---- Records to use

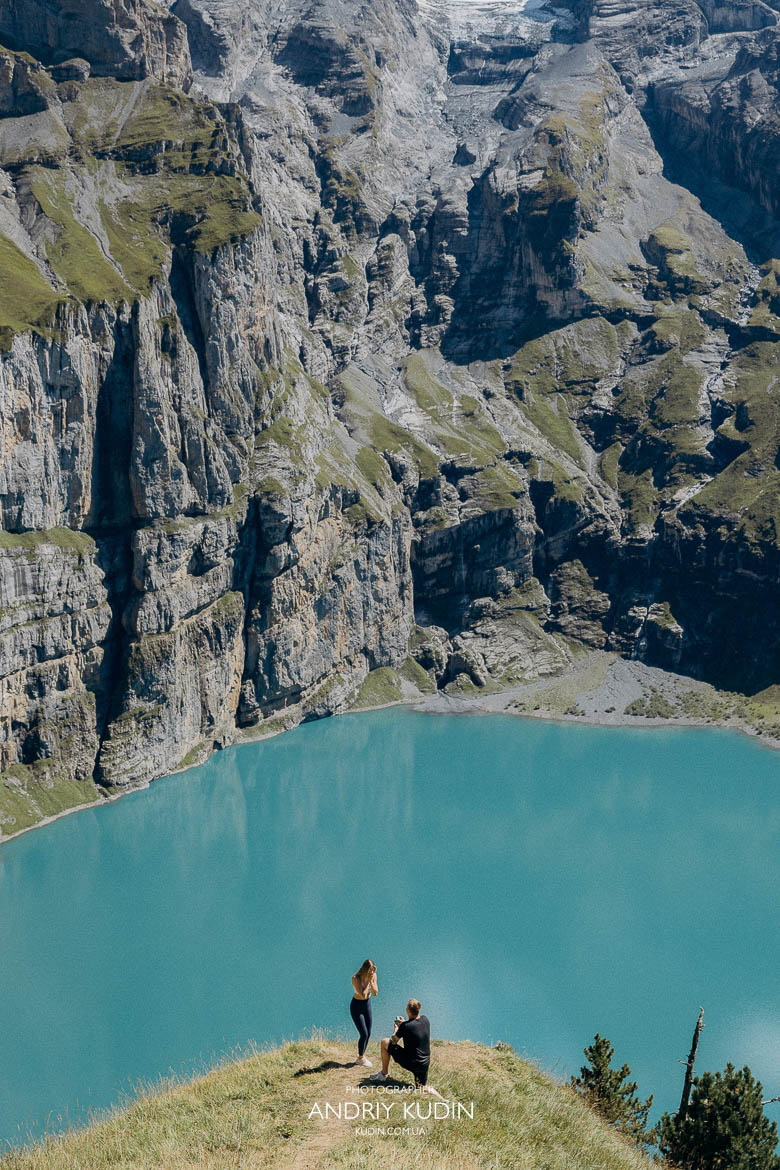 Romantic Lake Oeschinen proposal with mountain view and engagement ring Lake Oeschinensee proposal photographer capturing engagement in Switzerland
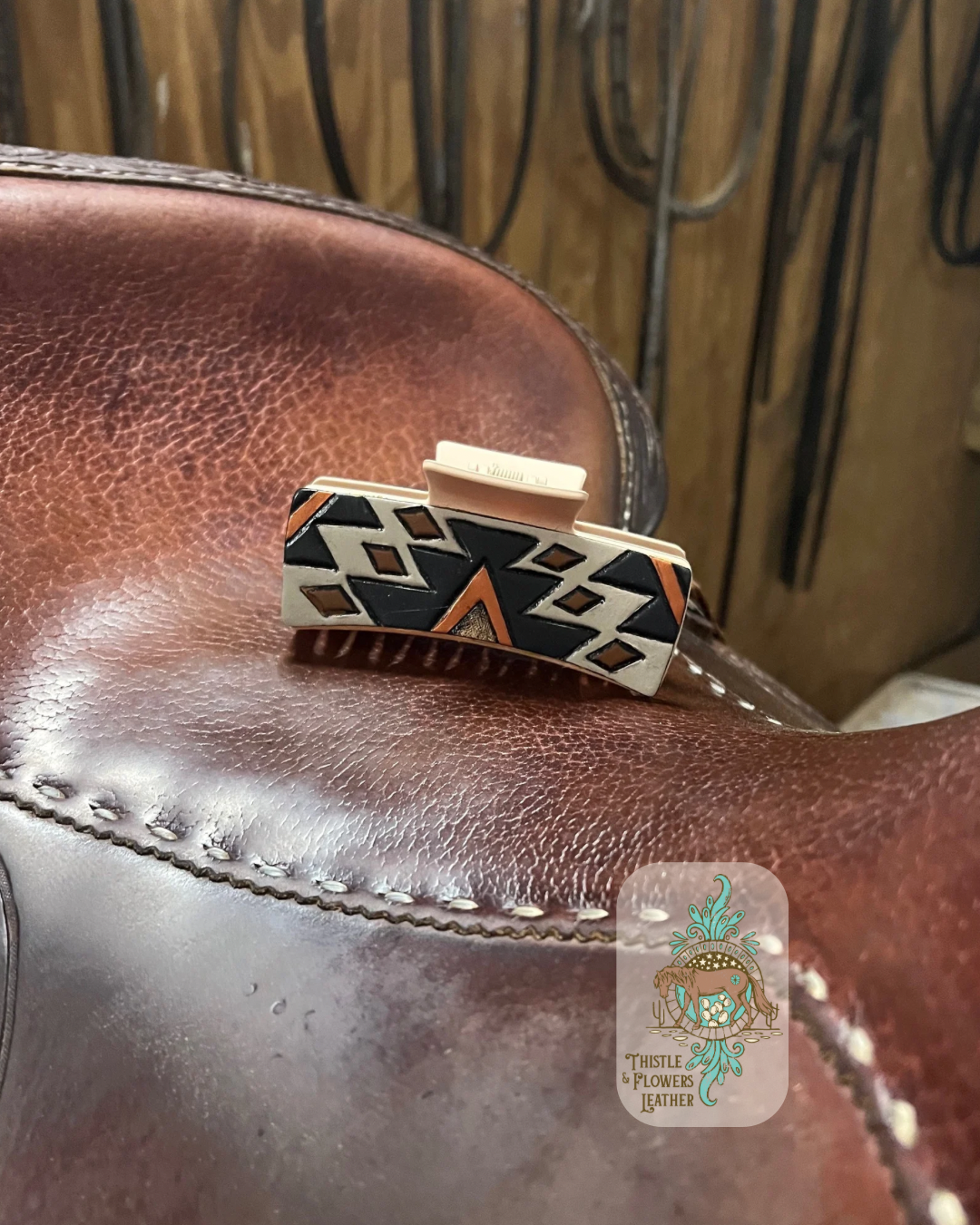 Large hair clip with cream colored base and a hand tooled and painted patch. Patch has a southwest design tooled and painted. Colors are gray, black, rust, and brown. Clip is on a saddle seat. Logo is on the top right of photo.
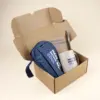 Caja de cartón abierta con un estuche azul, una taza beige, un cuaderno kraft y un bolígrafo marrón personalizados con logo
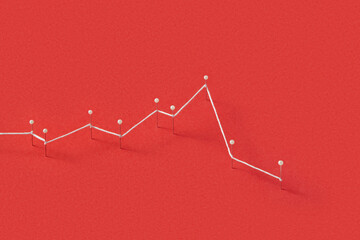 White string connecting straight pins on red paper background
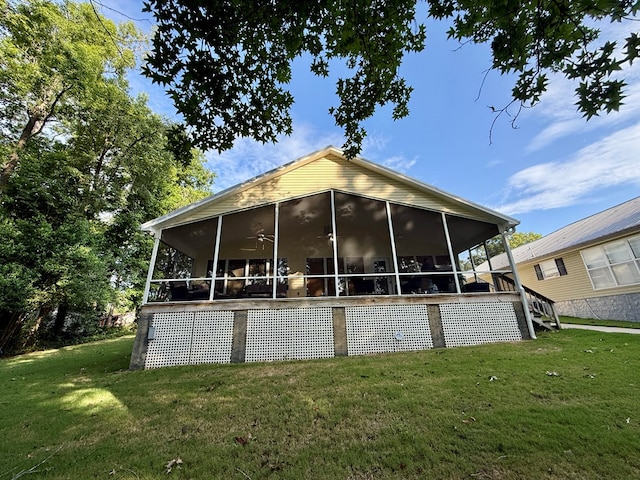 683 B Calhoun Dr, Abbeville, AL 36310 - back of property with a sunroom, a lawn, a ceiling fan, and stairway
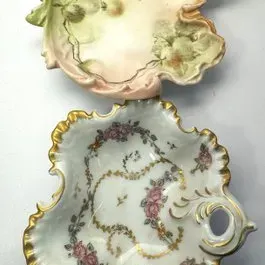 Pair of antique porcelain leaf-shaped dishes with scalloped, gilded edges and hand-painted floral motifs.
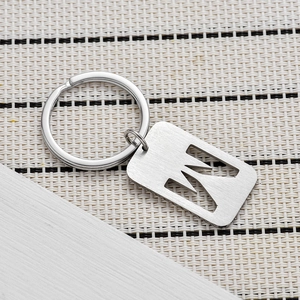 Macro shot of silver metal key ring with letter N cut-out and brushed texture finish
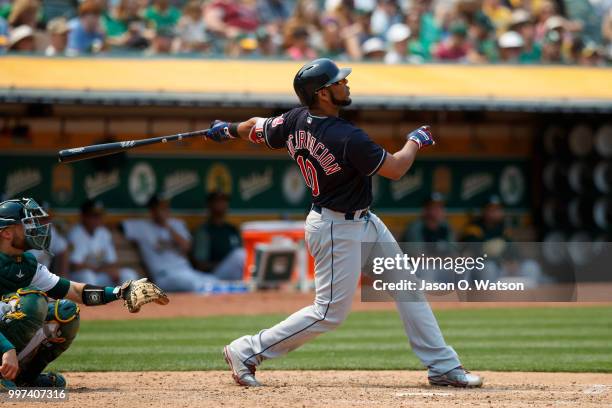 Edwin Encarnacion of the Cleveland Indians hits a home run against the Oakland Athletics during the seventh inning at the Oakland Coliseum on July 1,...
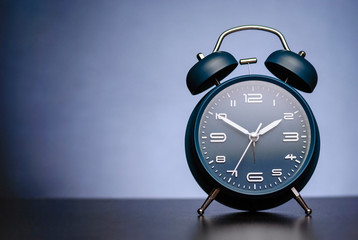 Wall Mural - traditional alarm clock with bells on blue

--------

§ Task objective
Would you return the data exactly as written, without the pictures?

§ Solution to this problem
 Romantic Lake Oeschinen proposal with mountain view and engagement ring Lake Oeschinensee proposal photographer capturing engagement in Switzerland
 Large hair clip with cream colored base and a hand tooled and painted patch. Patch has a southwest design tooled and painted. Colors are gray, black, rust, and brown. Clip is on a saddle seat. Logo is on the top right of photo.
 Caja de cartón abierta con un estuche azul, una taza beige, un cuaderno kraft y un bolígrafo marrón personalizados con logo
 White string connecting straight pins on red paper background
 683 B Calhoun Dr, Abbeville, AL 36310 - back of property with a sunroom, a lawn, a ceiling fan, and stairway
 Pair of antique porcelain leaf-shaped dishes with scalloped, gilded edges and hand-painted floral motifs.
 Macro shot of silver metal key ring with letter N cut-out and brushed texture finish
 Edwin Encarnacion of the Cleveland Indians hits a home run against the Oakland Athletics during the seventh inning at the Oakland Coliseum on July 1,...
 Wall Mural - traditional alarm clock with bells on blue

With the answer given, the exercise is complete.